[What needs to be done] Each line below that contains "Faux" should be counted; give the total alone.

>>>>>

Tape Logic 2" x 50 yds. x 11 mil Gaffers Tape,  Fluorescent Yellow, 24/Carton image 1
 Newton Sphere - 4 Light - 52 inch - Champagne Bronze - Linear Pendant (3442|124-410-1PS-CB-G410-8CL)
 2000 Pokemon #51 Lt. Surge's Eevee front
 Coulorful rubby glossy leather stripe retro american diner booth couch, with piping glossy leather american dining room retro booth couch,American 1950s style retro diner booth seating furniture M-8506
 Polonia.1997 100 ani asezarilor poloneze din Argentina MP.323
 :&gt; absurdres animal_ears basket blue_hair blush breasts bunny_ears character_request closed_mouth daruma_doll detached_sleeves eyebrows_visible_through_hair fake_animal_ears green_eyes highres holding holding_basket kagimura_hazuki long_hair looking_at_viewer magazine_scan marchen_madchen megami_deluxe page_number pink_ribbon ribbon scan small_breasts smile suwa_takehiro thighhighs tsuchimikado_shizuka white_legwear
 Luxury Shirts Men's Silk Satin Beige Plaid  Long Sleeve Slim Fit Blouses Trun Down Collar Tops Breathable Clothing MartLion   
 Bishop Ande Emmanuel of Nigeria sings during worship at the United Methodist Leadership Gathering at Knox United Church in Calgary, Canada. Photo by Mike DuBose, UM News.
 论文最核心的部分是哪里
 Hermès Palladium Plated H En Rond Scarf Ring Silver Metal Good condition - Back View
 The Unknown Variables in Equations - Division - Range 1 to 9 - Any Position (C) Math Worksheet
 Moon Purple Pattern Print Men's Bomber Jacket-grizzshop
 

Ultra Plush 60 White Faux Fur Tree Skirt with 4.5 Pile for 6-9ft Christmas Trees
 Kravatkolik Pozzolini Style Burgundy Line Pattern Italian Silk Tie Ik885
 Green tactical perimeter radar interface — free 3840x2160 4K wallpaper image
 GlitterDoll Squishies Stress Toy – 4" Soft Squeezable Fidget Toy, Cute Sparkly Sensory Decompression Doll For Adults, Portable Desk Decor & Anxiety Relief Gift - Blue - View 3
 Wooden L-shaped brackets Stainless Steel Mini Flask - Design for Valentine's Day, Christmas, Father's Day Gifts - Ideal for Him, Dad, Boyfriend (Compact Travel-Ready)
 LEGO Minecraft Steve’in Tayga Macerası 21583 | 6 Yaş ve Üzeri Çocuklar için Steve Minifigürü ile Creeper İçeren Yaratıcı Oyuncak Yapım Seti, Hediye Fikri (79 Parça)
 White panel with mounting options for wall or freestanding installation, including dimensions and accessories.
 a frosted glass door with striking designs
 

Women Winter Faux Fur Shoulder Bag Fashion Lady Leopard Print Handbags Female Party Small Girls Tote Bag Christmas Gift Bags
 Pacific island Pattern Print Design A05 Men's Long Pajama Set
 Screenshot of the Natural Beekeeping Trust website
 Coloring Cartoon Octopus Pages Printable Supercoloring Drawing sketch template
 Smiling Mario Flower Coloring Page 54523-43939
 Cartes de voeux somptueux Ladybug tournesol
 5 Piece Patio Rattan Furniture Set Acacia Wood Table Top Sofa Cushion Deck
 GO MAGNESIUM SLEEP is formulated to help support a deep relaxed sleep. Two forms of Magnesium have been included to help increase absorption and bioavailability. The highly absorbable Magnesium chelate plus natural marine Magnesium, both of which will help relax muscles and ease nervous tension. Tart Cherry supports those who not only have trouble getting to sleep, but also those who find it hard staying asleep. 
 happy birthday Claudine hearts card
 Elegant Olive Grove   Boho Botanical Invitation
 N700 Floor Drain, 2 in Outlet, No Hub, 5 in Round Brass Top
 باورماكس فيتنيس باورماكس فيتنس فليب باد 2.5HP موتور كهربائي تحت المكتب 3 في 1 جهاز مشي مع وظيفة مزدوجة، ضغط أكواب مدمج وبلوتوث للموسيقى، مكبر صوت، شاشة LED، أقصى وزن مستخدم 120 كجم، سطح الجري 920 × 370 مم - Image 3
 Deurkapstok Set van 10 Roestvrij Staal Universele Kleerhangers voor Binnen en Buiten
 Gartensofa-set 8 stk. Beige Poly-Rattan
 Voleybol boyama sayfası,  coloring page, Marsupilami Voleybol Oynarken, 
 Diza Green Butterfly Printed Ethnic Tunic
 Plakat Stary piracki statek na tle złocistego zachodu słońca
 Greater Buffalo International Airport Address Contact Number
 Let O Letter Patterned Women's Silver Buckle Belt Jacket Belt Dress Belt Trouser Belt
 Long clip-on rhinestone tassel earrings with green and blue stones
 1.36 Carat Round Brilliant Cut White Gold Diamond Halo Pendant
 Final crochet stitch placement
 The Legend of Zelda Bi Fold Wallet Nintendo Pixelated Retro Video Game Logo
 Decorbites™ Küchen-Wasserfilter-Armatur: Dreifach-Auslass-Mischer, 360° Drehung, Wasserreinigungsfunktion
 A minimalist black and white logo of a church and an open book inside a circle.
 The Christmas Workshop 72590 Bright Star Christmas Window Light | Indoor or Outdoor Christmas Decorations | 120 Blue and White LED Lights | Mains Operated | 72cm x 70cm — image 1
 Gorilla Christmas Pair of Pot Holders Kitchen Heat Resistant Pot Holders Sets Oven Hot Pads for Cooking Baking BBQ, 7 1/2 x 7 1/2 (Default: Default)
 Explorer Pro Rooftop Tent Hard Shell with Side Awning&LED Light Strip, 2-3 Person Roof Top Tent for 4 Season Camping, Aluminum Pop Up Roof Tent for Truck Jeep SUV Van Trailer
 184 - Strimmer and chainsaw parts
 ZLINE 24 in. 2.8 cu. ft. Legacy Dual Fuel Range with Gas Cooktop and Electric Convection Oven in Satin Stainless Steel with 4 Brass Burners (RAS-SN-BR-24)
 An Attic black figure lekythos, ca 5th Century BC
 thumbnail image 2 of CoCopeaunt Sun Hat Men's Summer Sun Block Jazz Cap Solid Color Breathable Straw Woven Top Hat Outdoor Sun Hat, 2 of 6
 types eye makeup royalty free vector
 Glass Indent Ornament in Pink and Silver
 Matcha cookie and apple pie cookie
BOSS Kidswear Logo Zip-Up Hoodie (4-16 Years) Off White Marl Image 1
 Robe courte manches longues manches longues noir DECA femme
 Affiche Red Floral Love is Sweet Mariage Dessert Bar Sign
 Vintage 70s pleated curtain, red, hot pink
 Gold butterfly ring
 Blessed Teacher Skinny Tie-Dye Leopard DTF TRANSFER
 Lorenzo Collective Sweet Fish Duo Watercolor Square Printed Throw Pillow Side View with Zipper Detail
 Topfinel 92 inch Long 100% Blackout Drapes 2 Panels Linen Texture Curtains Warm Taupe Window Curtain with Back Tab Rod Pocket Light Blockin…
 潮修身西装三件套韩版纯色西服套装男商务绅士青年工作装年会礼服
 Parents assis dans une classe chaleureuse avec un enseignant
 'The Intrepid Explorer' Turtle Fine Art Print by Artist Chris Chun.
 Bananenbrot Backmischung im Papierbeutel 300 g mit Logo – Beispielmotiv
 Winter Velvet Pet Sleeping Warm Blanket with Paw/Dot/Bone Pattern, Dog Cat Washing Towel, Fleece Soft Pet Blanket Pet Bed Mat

<<<<<

[Your solution] 2